Introduction to Data Parallelism#

James Sunseri, Josh Borrow, Kai-Feng Chen

Description: A short walkthrough on using parallelization in python

Intended Audience: Intermediate Undergraduate

tags: libraries:numpy, concurrent.futures, parallelization,parallel-programming

Last Updated: July 23, 2024

Learning Objectives

Understand how parallelization can improve code runtime
Implement basic parallization in Python

import time
import numpy as np
import matplotlib.pyplot as plt
import concurrent.futures

Note

This notebook is intended for students who are familiar with the basic principles of scientific programming and are looking to branch into intermediate topics that could be useful for research applications.

Motivation & Goals#

Often in astronomy, we are working with many pieces of data that are similar in format (i.e. photometric images, spectra, simulation snapshots, etc…) and we want to perform operations across all of these data. Those operations could be simply loading in the data into memory from storage, or they could be as complicated as running a full scale photometric reduction pipeline. In this notebook we start addressing various techniques to speed up working with large amounts of data through parallelism schemes.

The goal of this resource is to show someone how to simply parallelize a for loop in the context of working with data. This resource uses concurrent.futures.

We will be using images of galaxies from Galaxy Zoo for this exercise.

Problem Description#

We need to load in 1000 2D photometric images from storage into memory using a simple for loop. We can imagine that the time to load in each image takes ~0.01 seconds. The images are stored in the ./images/ directory and have a .npy file format. Each image has shape (424,424). We time how long this takes for reference.

images = []

start = time.time()
for i in range(1000):
    image_i = plt.imread(f'./images/{i}.jpg')
    time.sleep(0.01)
    images.append(image_i)
stop = time.time()

print(f"Loading in the data took ~{stop - start:0.2f} seconds")

Loading in the data took ~20.38 seconds

This is very slow because it is being done sequentially with only a single process. Since the 2010’s, it has become common place that laptops used for school, research, and everyday use have several cores (4+) at their disposal. A simple use case of parallelism would be to distribute the above for loop task across multiple cores to speed up the total time. In the case of ~10 seconds total this is not super useful, but for exceedingly large files or for systems with slow File I/O speeds, this can save minutes to hours of time.

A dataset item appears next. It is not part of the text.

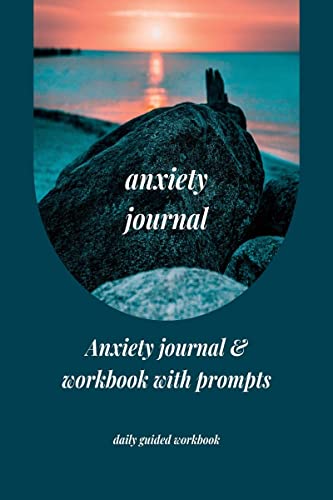 Anxiety Journal: Anxiety Journal & Workbook with Prompts von Notion Press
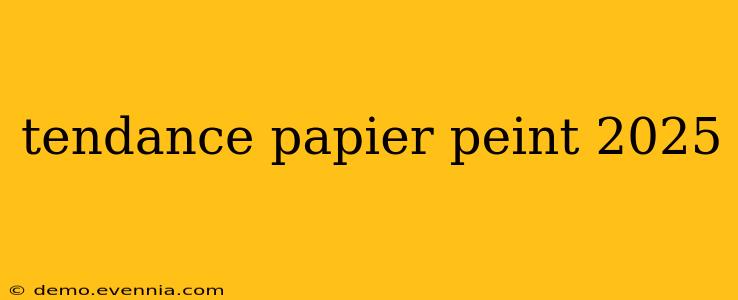 tendance papier peint 2025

For this resource, we will show one of the simplest methods for parallelization of a for loop: concurrent.futures

To use simple parallelization with concurrent.futures, it is important to first understand the concept of the map() function. The map() function returns a map object of the results after applying the given function to each item of a given iterable (i.e. list, tuple, array, etc…). To use the map() function we must first rewrite the operations done in the above for loop as a mappable function

def load_data(i):
    """
    a mappable function to load in the ith image.
    
    Args:
    i - int - index
    
    Returns:
    image_i - np.ndarray - a (424,424) image array corresponding to index i.
    """
    
    time.sleep(0.01) #artificial sleep to mimick the scenario
    image_i = plt.imread(f'./images/{i}.jpg')
    
    return image_i

From here we can perform the same task as the initial for loop with our mappable function by calling the map() function, giving the mappable function and the iteratable we wish to map the function onto. In this case our mappable function is load_data() and our iteratable is the same iterable we were going to use in our for loop.

start = time.time()
images = list(map(load_data, range(1000)))
stop = time.time()

print(f"Loading in the data took ~{stop - start:0.2f} seconds")

Loading in the data took ~20.77 seconds

Question

We note that if the outer most function call list() is not present the code runs nearly instantly, why would it not take ~10 seconds like before?

We don’t yet see any speed up, but this is just because we haven’t started using multiple cores yet. This is all done on a single core. Any for loop can be recast as a mapping. In some cases a mapping can actually be a little faster than a for loop. We will now dive into using a pool of processors to perform the mapping in parallel.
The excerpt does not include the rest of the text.